(Problem description): With pictures left out, please repeat word for word the lines from the one containing "Large Brass Gold" through the end of the records.

··· Records shown ···

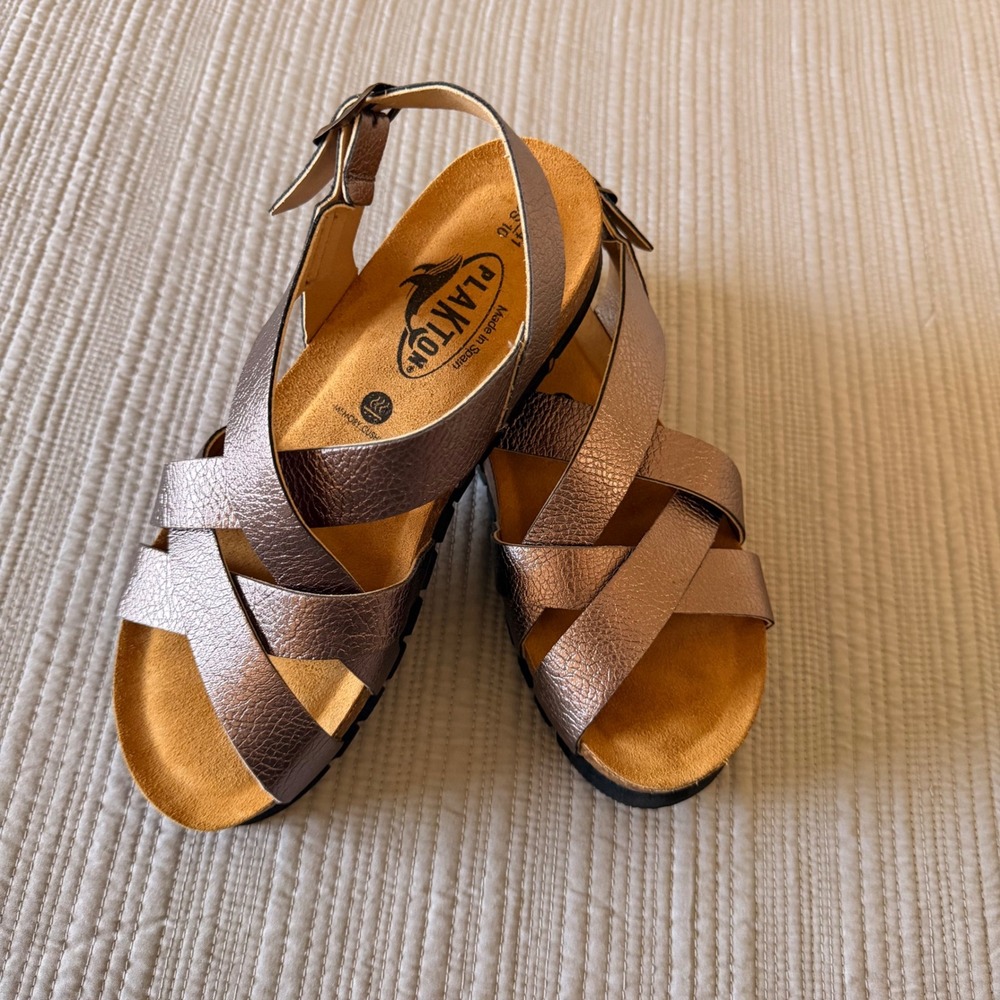 NEW Plakton Women's Bronze Metallic Leather Strappy Platform Sandals US 10 EU 41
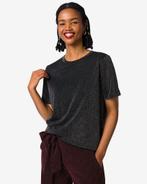 HEMA Dames T-shirt Luna glitter zwart, Verzenden, Nieuw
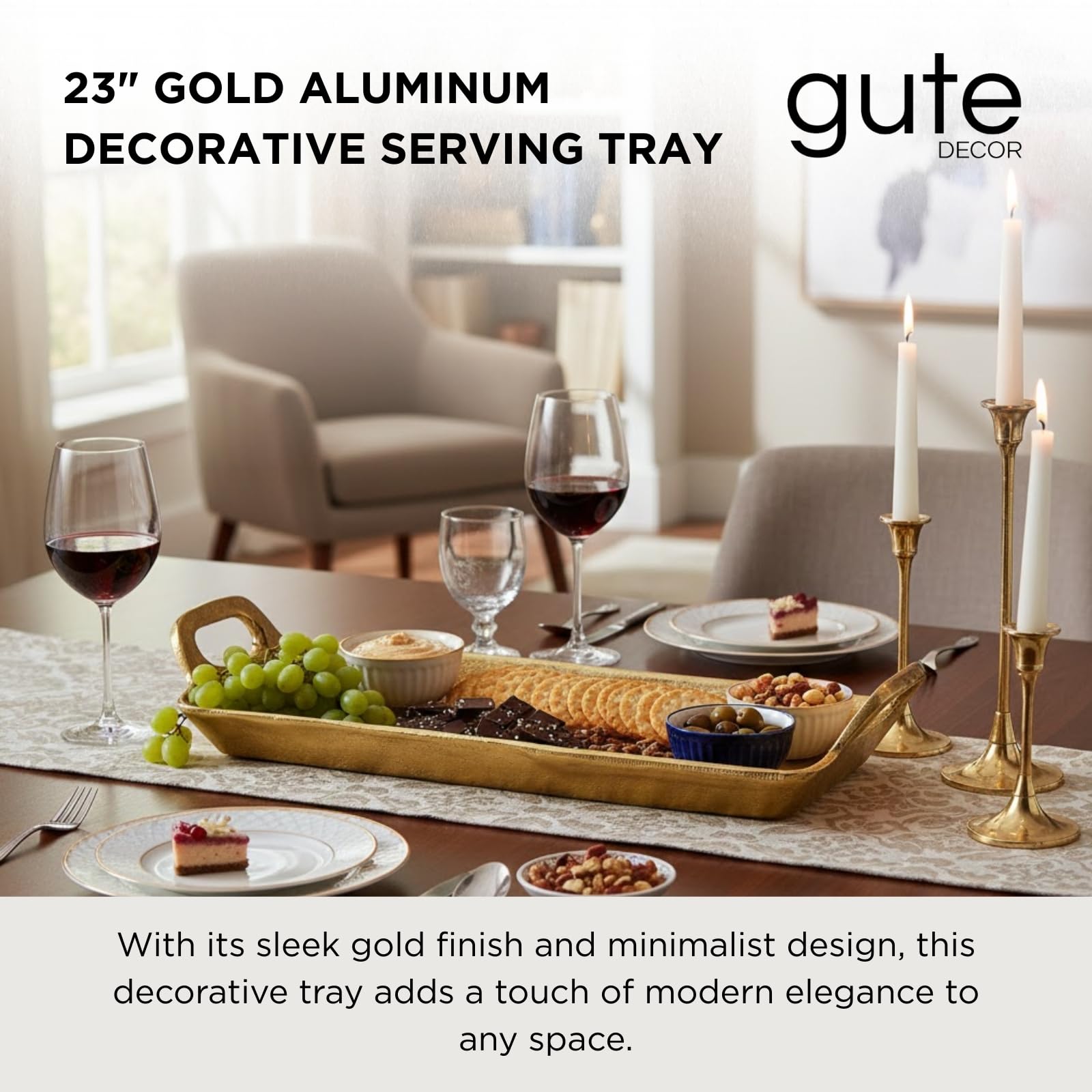Large Brass Gold Decorative Tray with Handles, 24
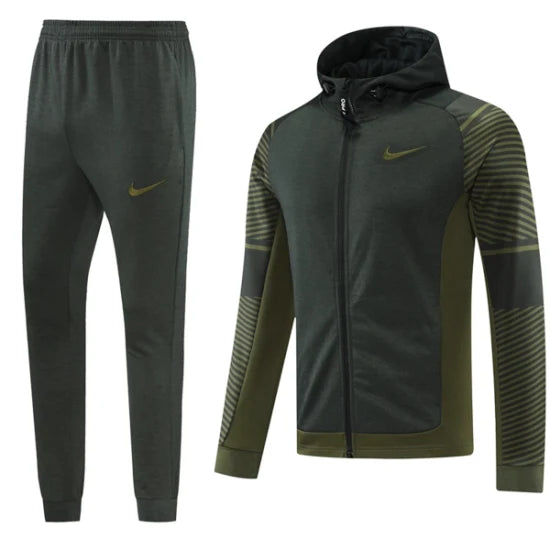 Ensemble survêtement Nike Tech Pro  (Vert foncé) avec capuche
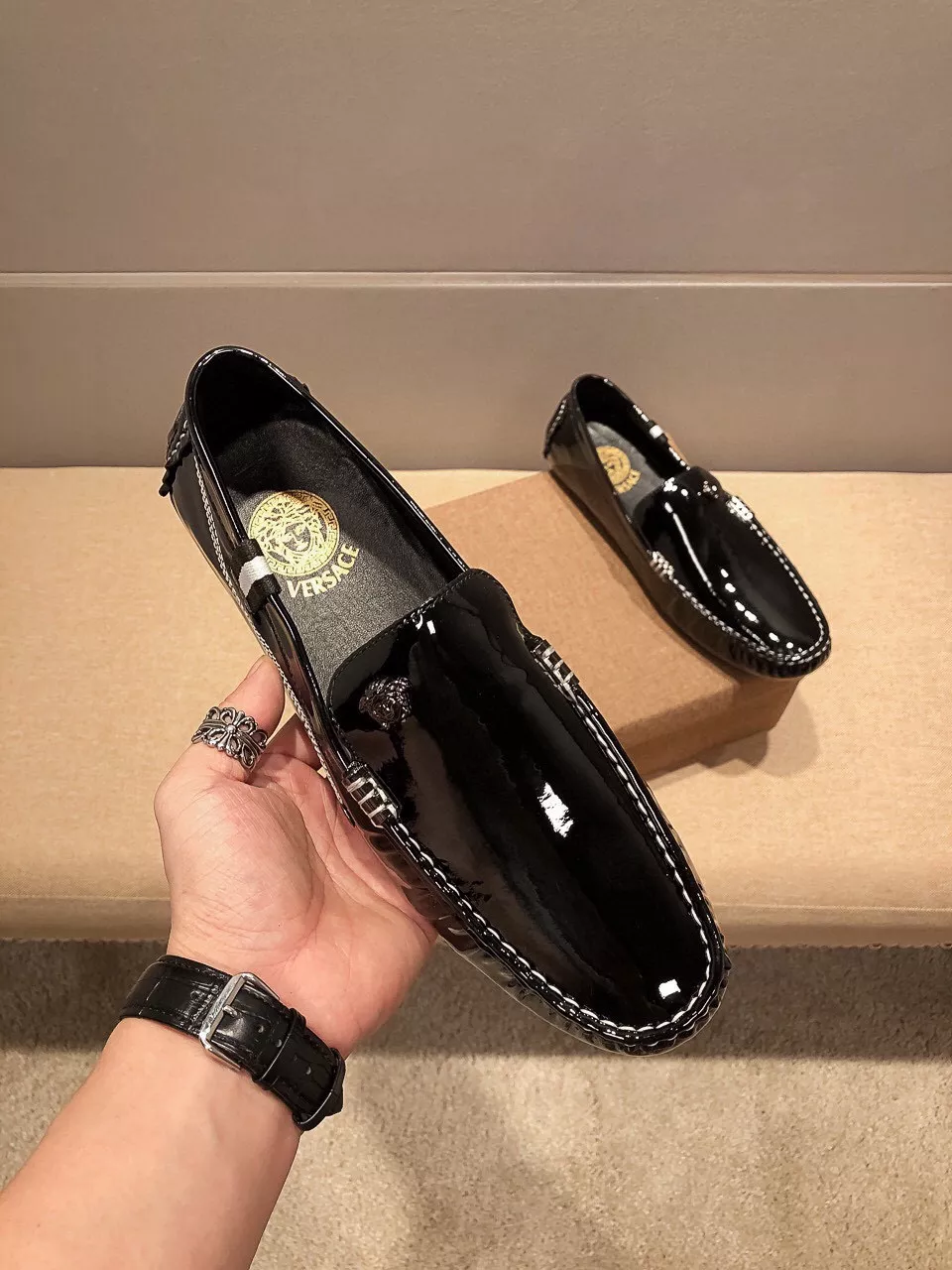 StreetReady 8556 Versace Leather Shoes For Men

···

(Answer box):
Large Brass Gold Decorative Tray with Handles, 24
 Ensemble survêtement Nike Tech Pro  (Vert foncé) avec capuche
 StreetReady 8556 Versace Leather Shoes For Men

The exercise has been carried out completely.